What the exercise asks => Transcribe every line from the one containing "Infamous Liquids Flavor" through the end of the records below, exactly, but not the pictures.

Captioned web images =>
'''
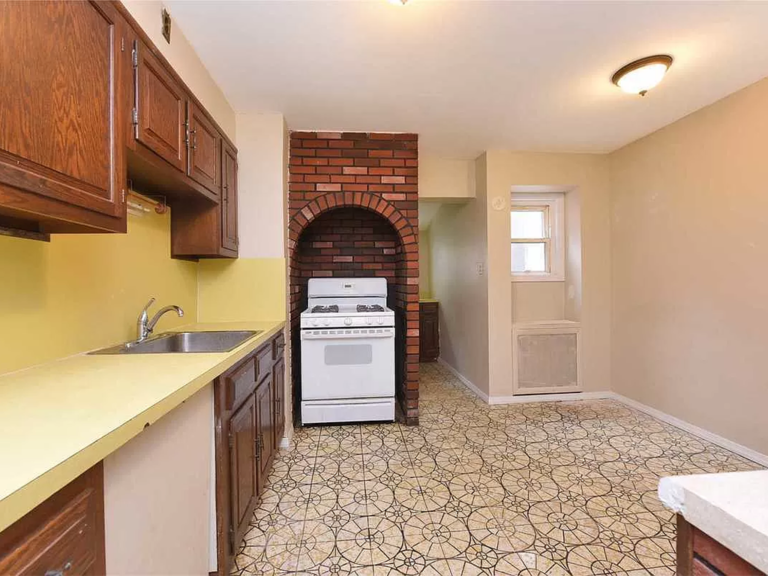 Existing Kitchen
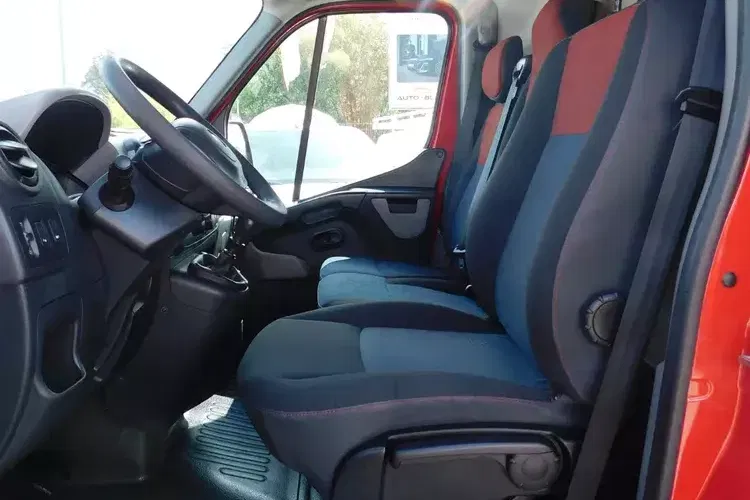 Renault Master zdjęcie 8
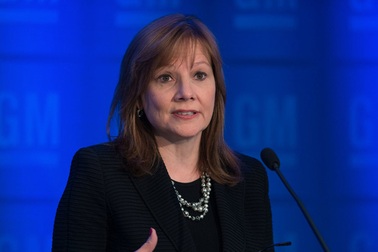 CEO của GM tham gia tư vấn kinh tế cho ông Trump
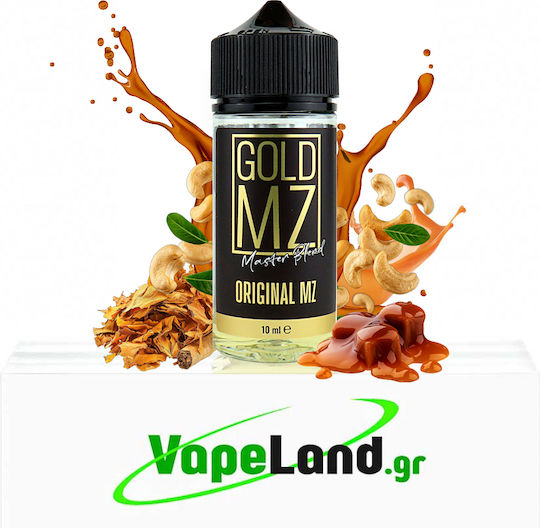 Infamous Liquids Flavor Shot Infamous 10ml 1τμχ Gold Mz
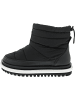 TOMMY JEANS Padded Flat Boot Boots Schwarz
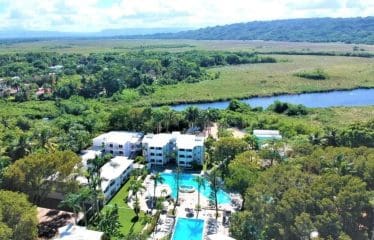 Très bel hôtel situé au coeur de Cabarete, proche de la mer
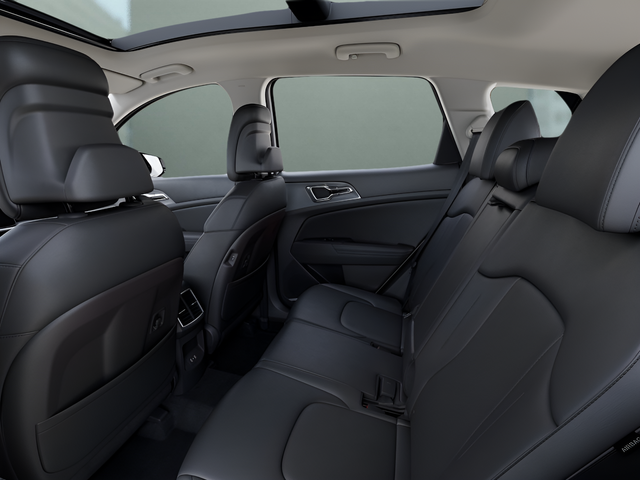 2027 Kia Sportage Hybrid Base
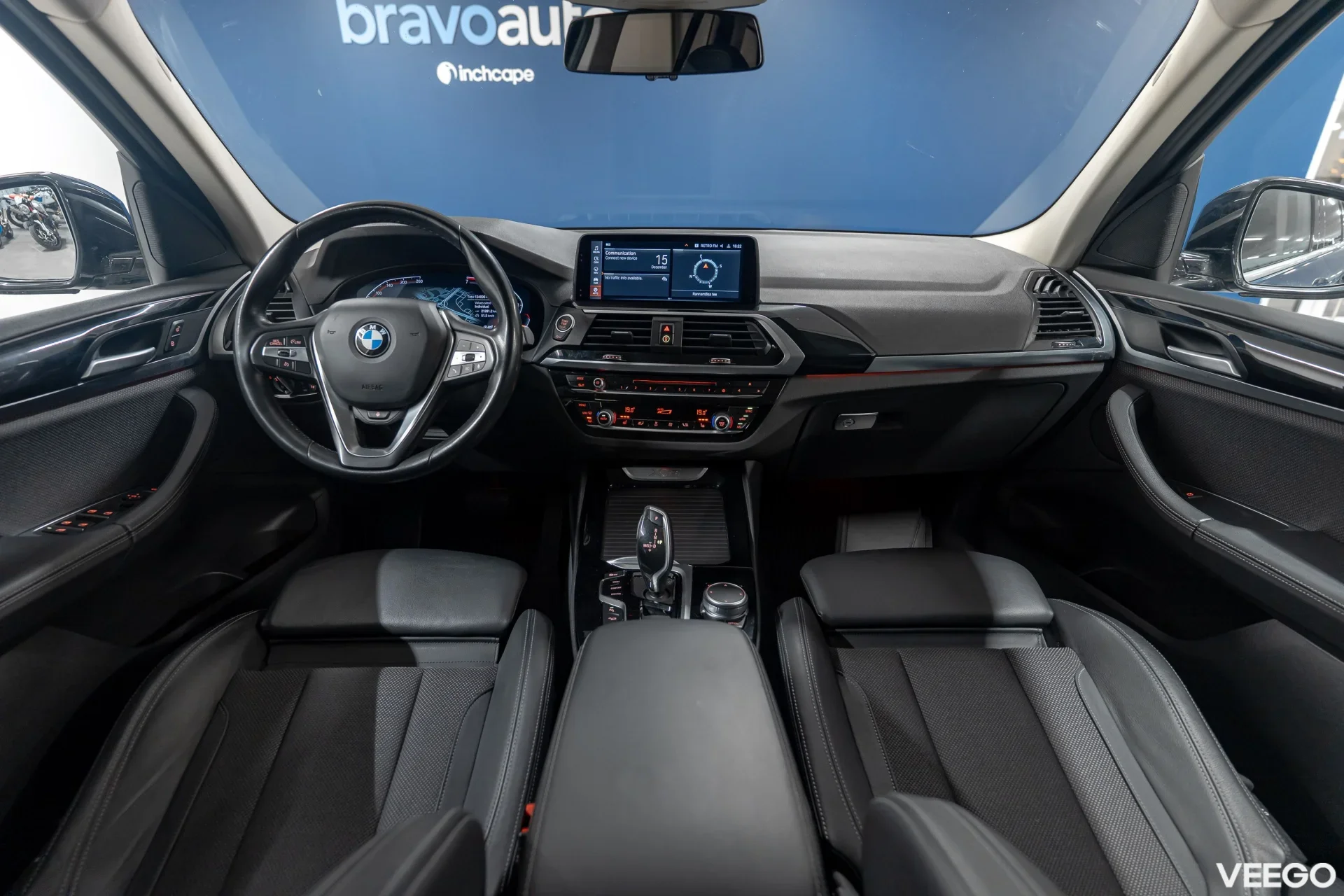 BMW X3 xDrive20i X-line 2 135kW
'''
Task output =>
 Infamous Liquids Flavor Shot Infamous 10ml 1τμχ Gold Mz
 TOMMY JEANS Padded Flat Boot Boots Schwarz
 Très bel hôtel situé au coeur de Cabarete, proche de la mer
 2027 Kia Sportage Hybrid Base
 BMW X3 xDrive20i X-line 2 135kW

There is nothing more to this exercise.